• [TASK DESCRIPTION]: Below are the records; retype them exactly and omit each picture.

• [Web page caption snippets]:
Start of Block

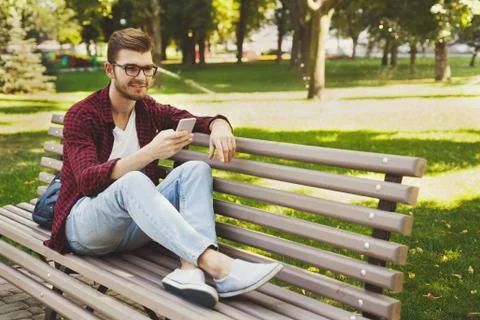 Handsome man sitting and using smartphone outdoors Stock Photos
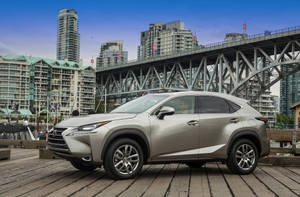 銀色Lexus NX SUV在木碼頭上，背後有城市橋樑和天際線。 — 凌志 壁紙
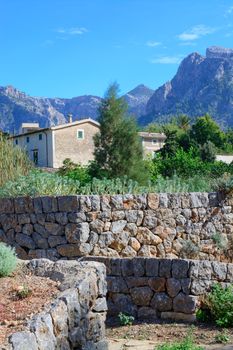 Mountain landscape with house and drystone wall, Majorca in October.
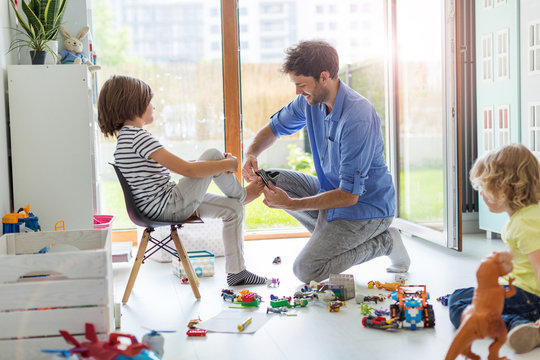 Dad Is Helping Son To Get Dressed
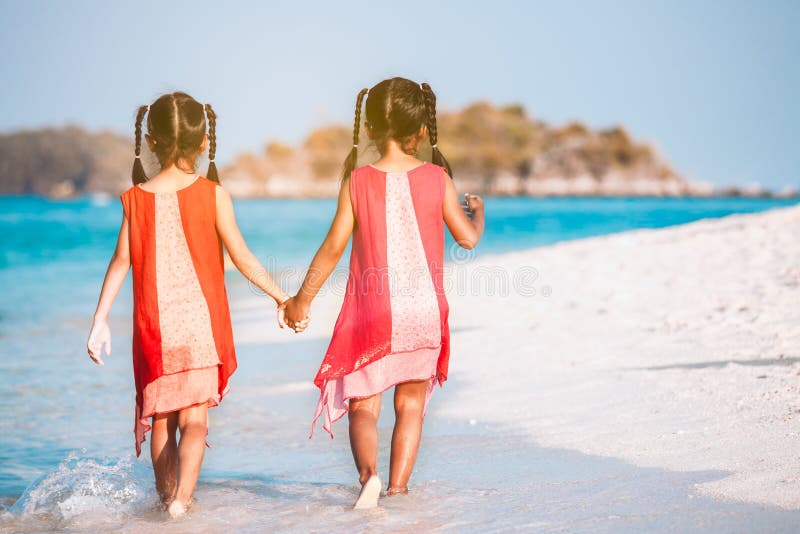 Dos muchachas asiáticas del niño que llevan a cabo la mano y que caminan junto en la playa cerca del mar en vacaciones de veran fotos de archivo libres de regalías Dos muchachas asiáticas del niño que llevan a cabo la mano y que caminan junto en la playa cerca del mar en vacaciones de veran fotos de archivo libres de regalías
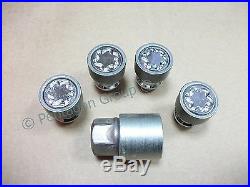 New Genuine Nissan X-Trail / Juke Set Of 4 Locking Wheel Nuts/Bolts KE40989951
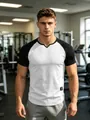 Men's slim fit white and black raglan sports t-shirt with v-neck in a gym setting - S / Tops / White Black Contrast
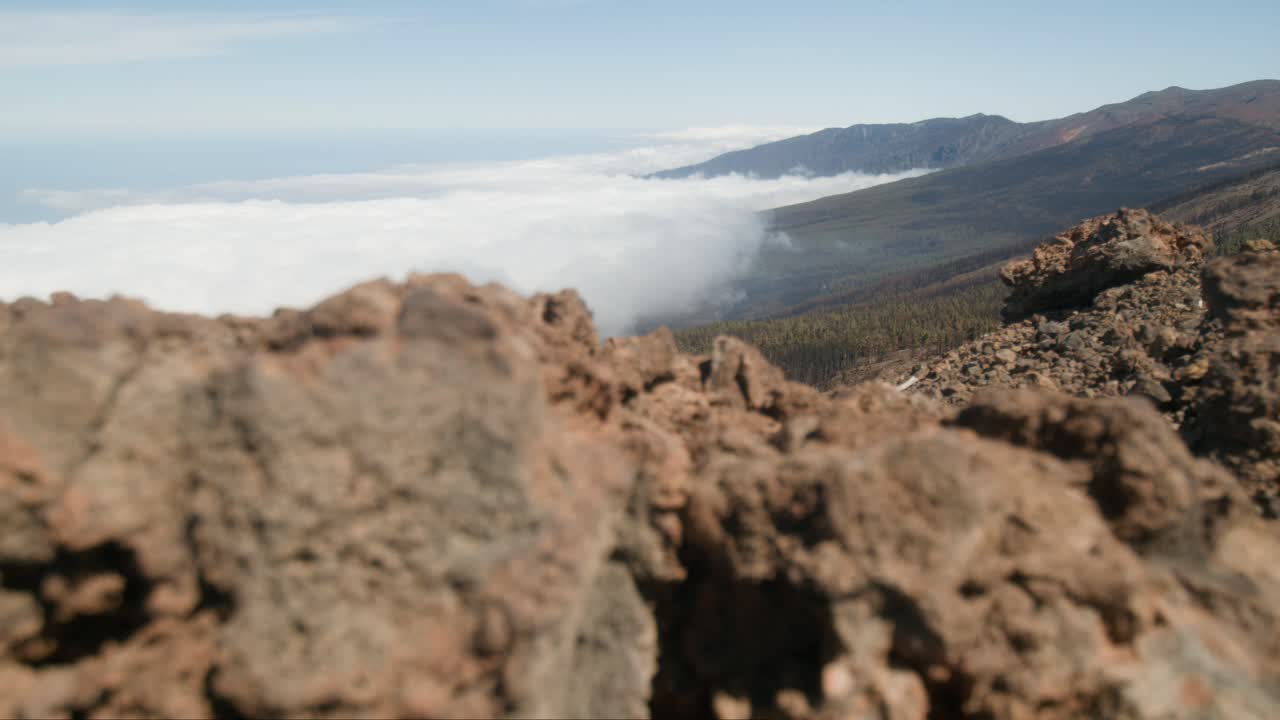 desde detrás de la roca hay una vista de las montañas cubiertas de nubes, parque de tenerife en españa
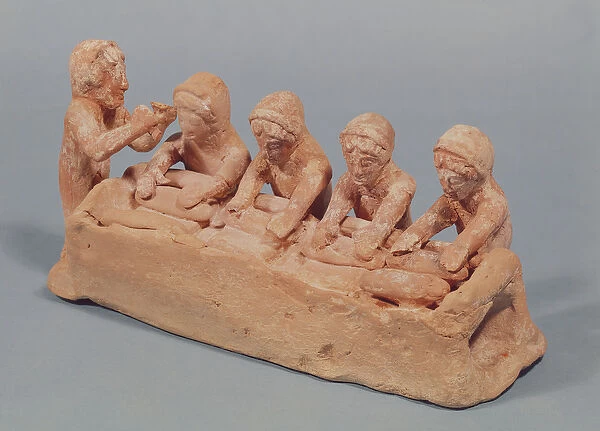 Bakers kneading dough to the sound of a flute, found at Thebes, Boeotia, 6th century BC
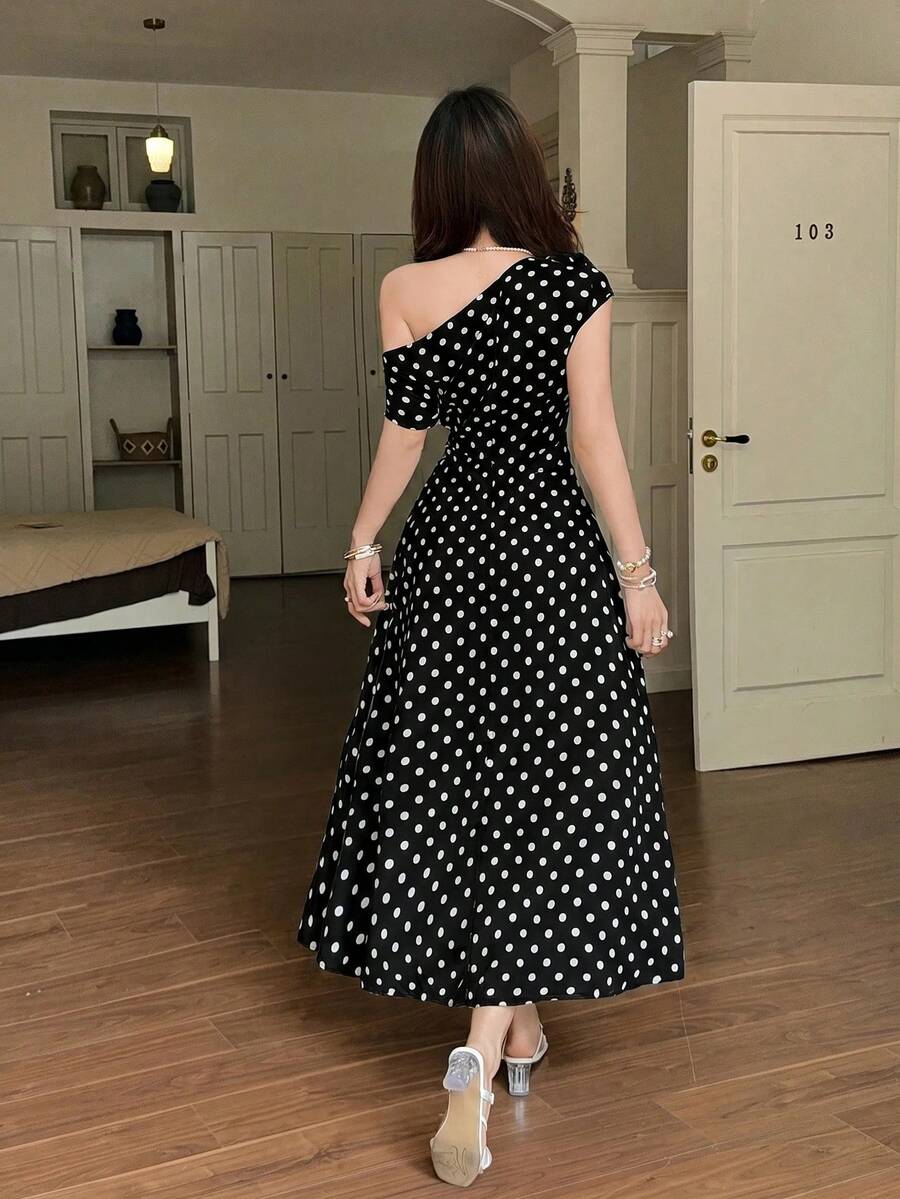 Front close-up of black polka dot one shoulder maxi dress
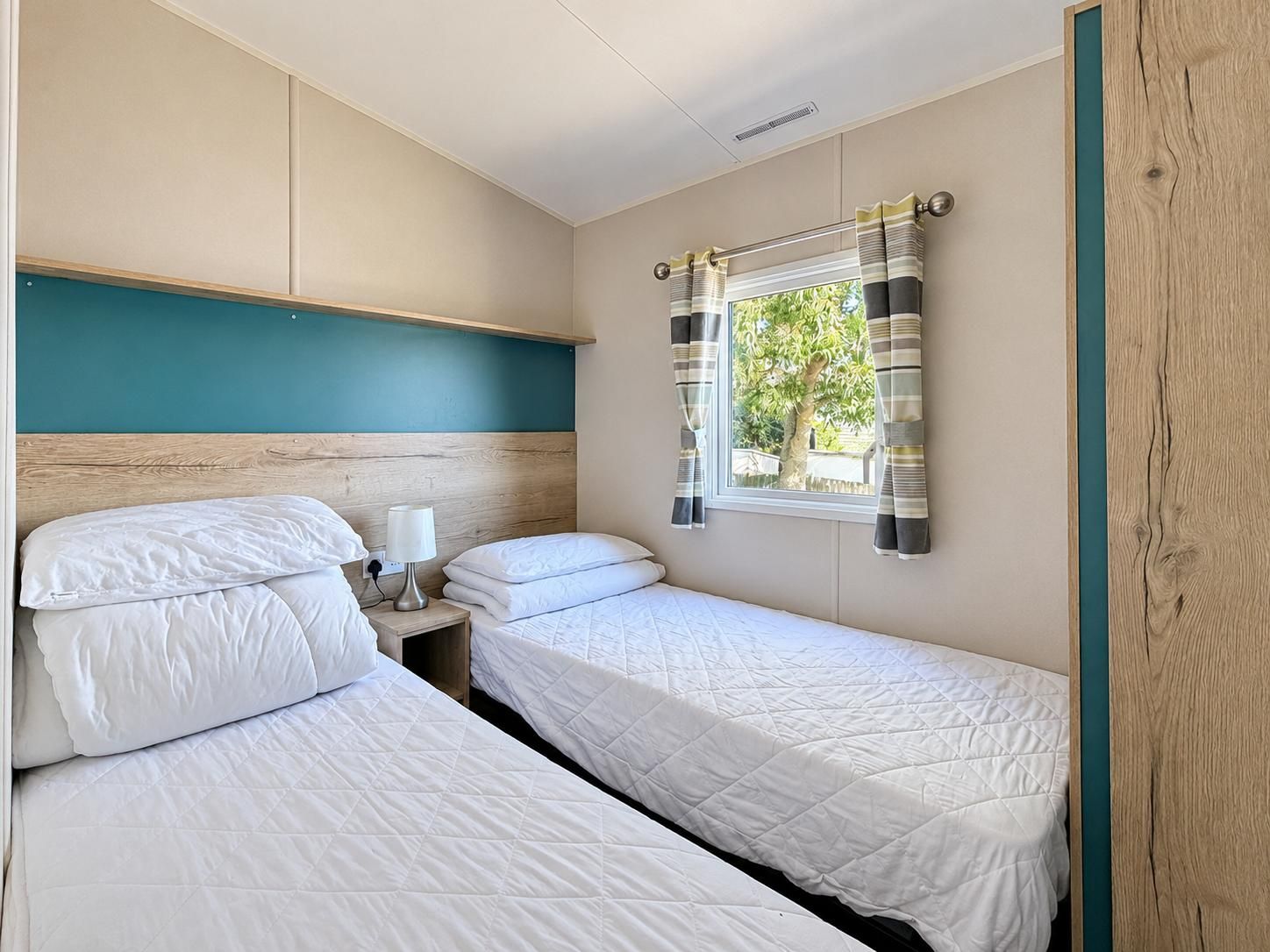 Twin bedroom with wood-effect headboards, teal accent panel, striped curtains, and a window overlooking greenery.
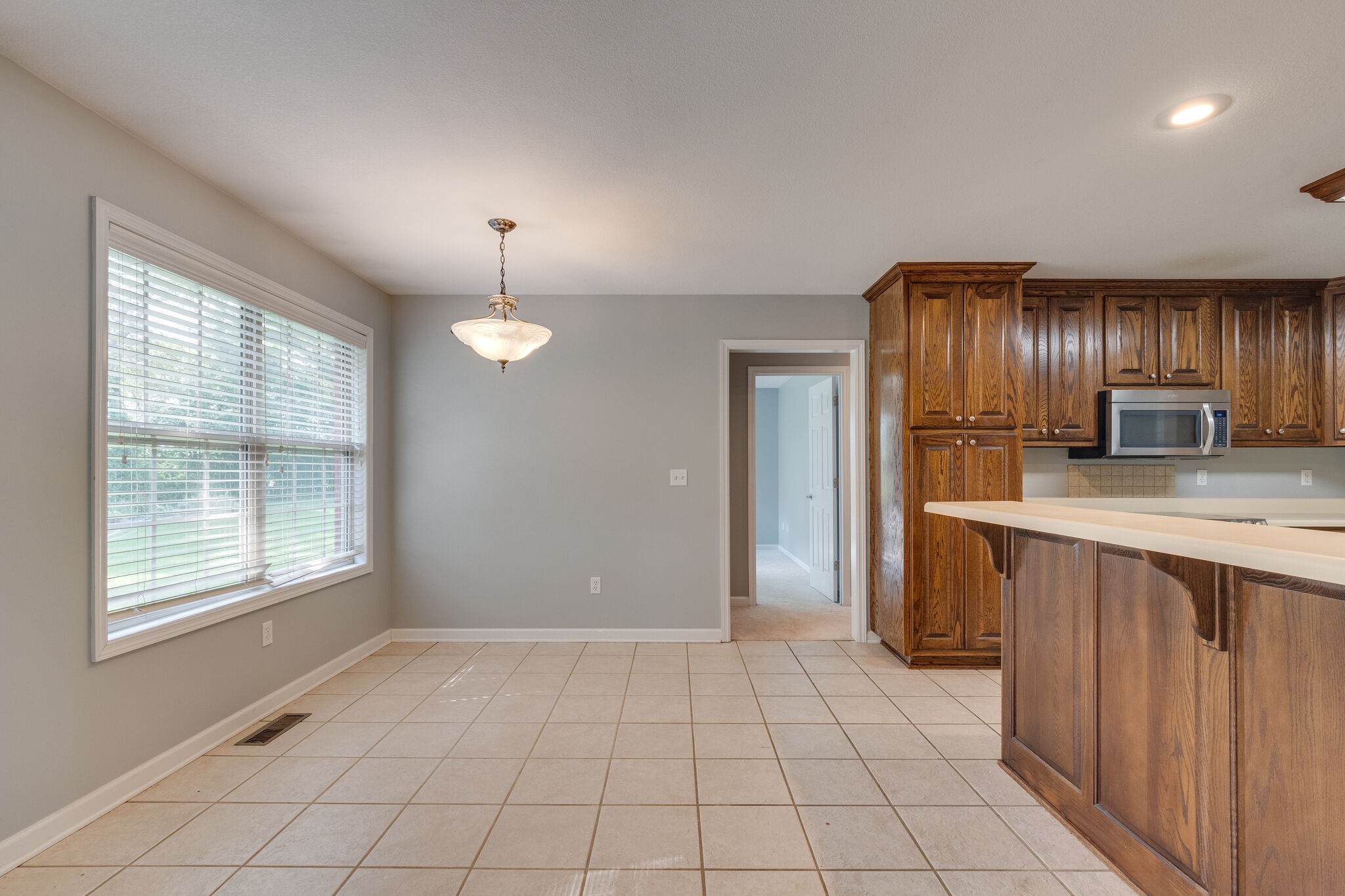 79 Jeans Road Fayetteville, TN 37334 - Photo 17 of 31 a view of kitchen with windows refrigerator and wooden floor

End of Block

• [ANSWER TO THIS EXERCISE]:
 Handsome man sitting and using smartphone outdoors Stock Photos
 銀色Lexus NX SUV在木碼頭上，背後有城市橋樑和天際線。 — 凌志 壁紙
 Mountain landscape with house and drystone wall, Majorca in October.
 Dad Is Helping Son To Get Dressed
 Dos muchachas asiáticas del niño que llevan a cabo la mano y que caminan junto en la playa cerca del mar en vacaciones de veran fotos de archivo libres de regalías Dos muchachas asiáticas del niño que llevan a cabo la mano y que caminan junto en la playa cerca del mar en vacaciones de veran fotos de archivo libres de regalías
 New Genuine Nissan X-Trail / Juke Set Of 4 Locking Wheel Nuts/Bolts KE40989951
 Men's slim fit white and black raglan sports t-shirt with v-neck in a gym setting - S / Tops / White Black Contrast
 desde detrás de la roca hay una vista de las montañas cubiertas de nubes, parque de tenerife en españa
 Bakers kneading dough to the sound of a flute, found at Thebes, Boeotia, 6th century BC
 Front close-up of black polka dot one shoulder maxi dress
 Twin bedroom with wood-effect headboards, teal accent panel, striped curtains, and a window overlooking greenery.
 79 Jeans Road Fayetteville, TN 37334 - Photo 17 of 31 a view of kitchen with windows refrigerator and wooden floor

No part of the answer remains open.